[RAW DATA — start]
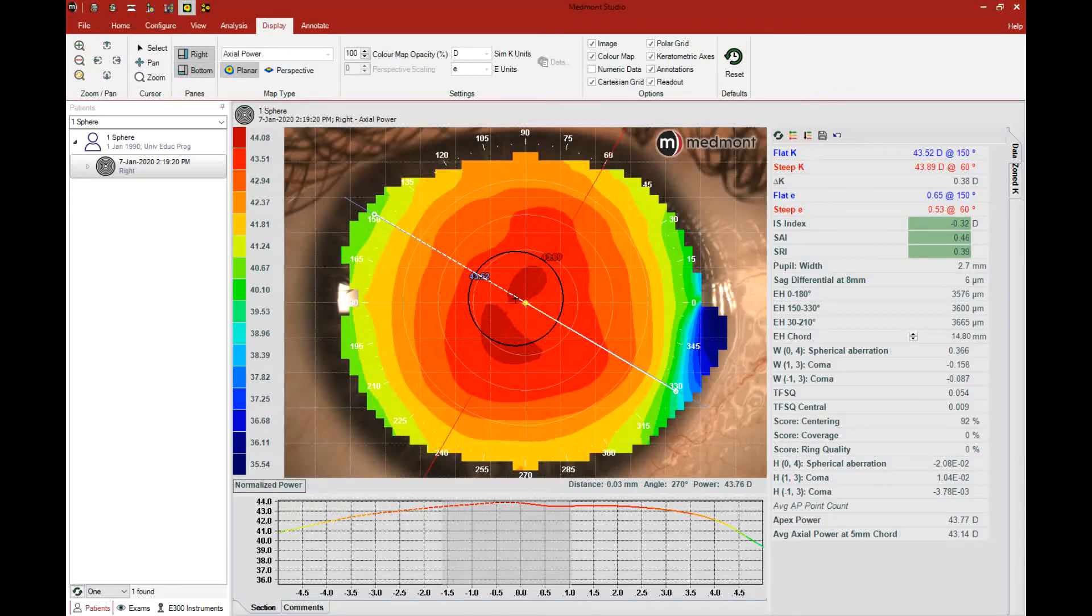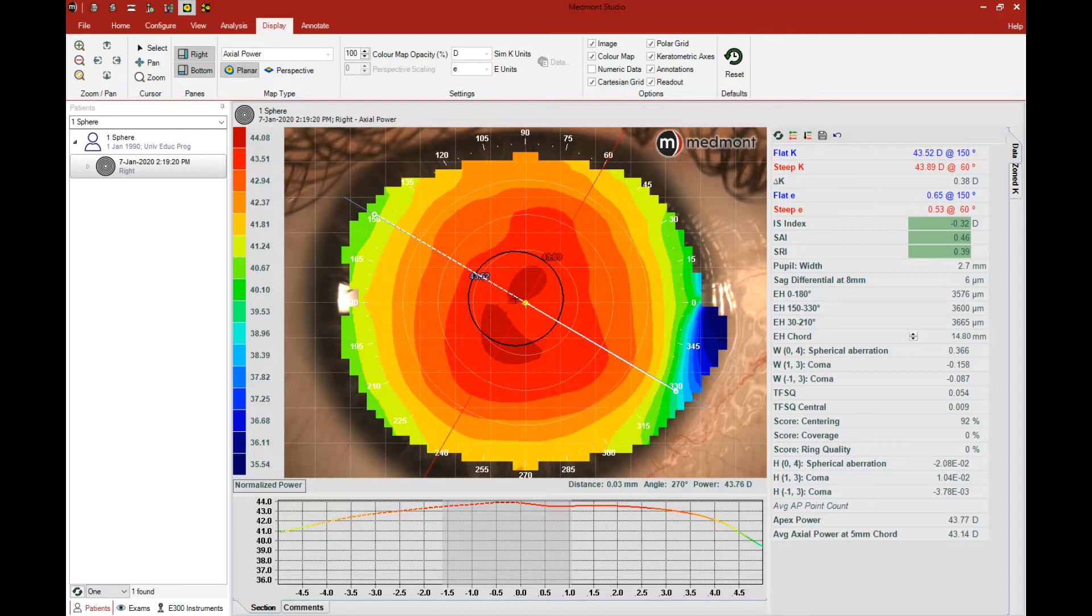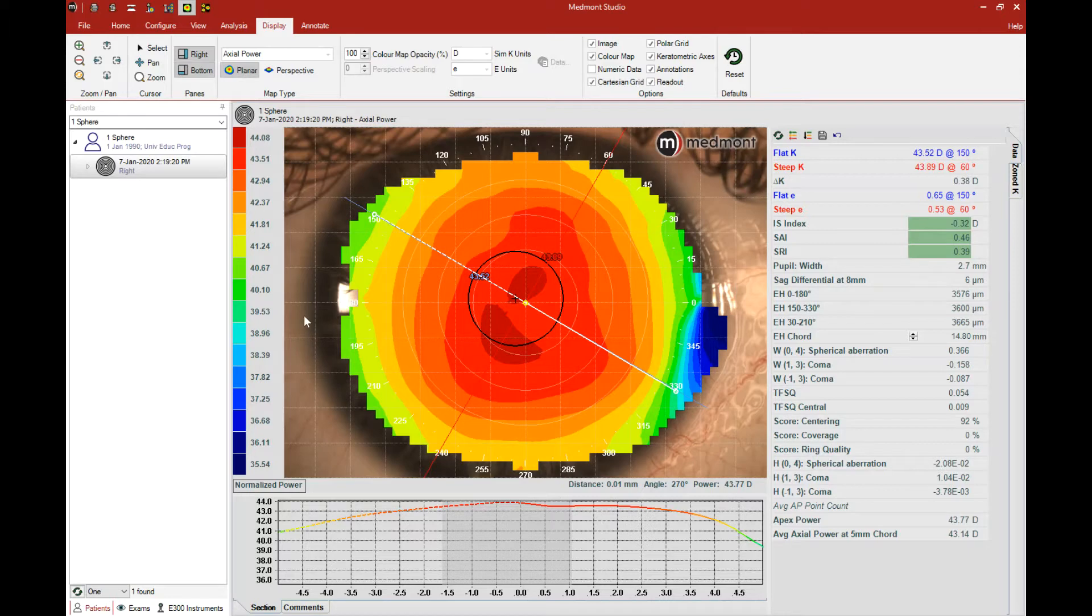This video describes the process of determining visible iris diameter with your Medmont topographer. To begin, click on a topography and observe whether you can make out the border of the visible iris diameter 360 degrees around.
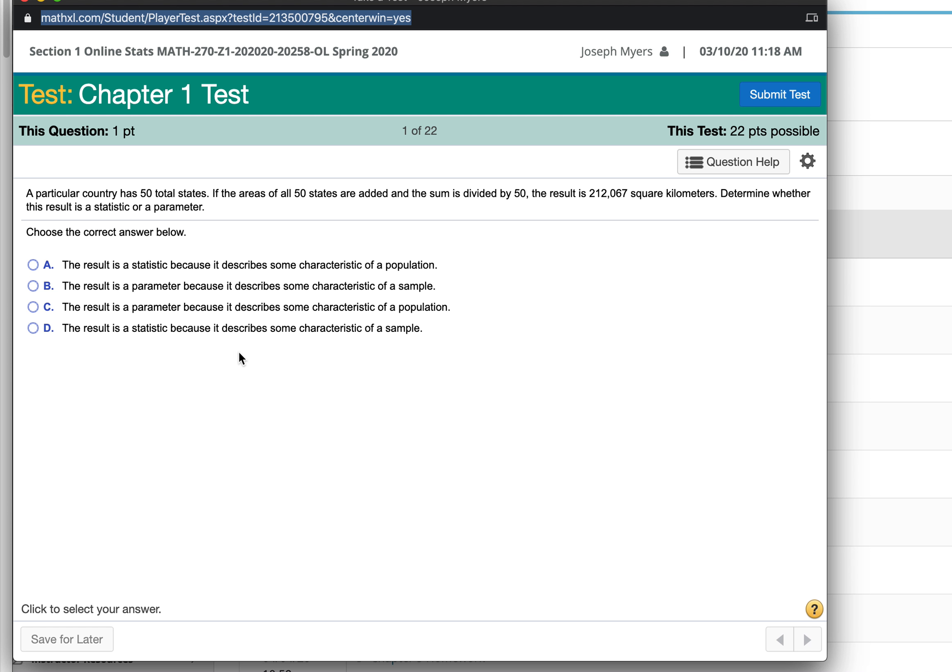A parameter is a characteristic of a population, but a statistic is a measurement from a sample.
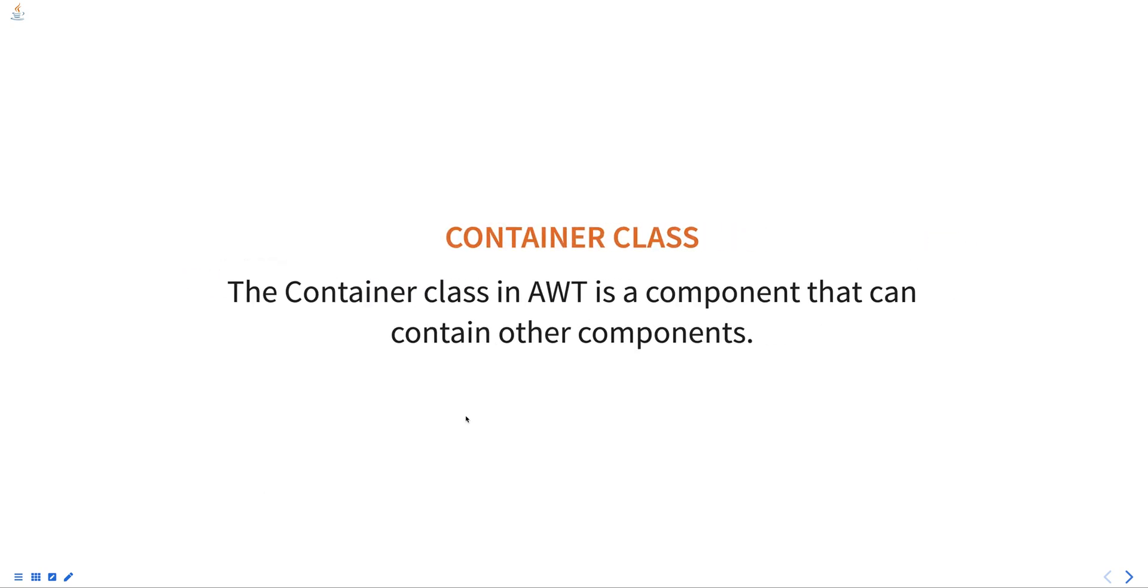The Container class in AWT is a component that can contain other components. It is an abstract class that provides a common interface for working with different types of containers such as Frame, Panel, Applet, etc.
[RAW DATA — finish]
- **WHAT THE EXERCISE ASKS**: Beginning with the line that contains "A parameter is" and ending with the last line of the data, restate each line word for word. Exclude the pictures.

- **WRITTEN RESPONSE**:
A parameter is a characteristic of a population, but a statistic is a measurement from a sample.
The Container class in AWT is a component that can contain other components. It is an abstract class that provides a common interface for working with different types of containers such as Frame, Panel, Applet, etc.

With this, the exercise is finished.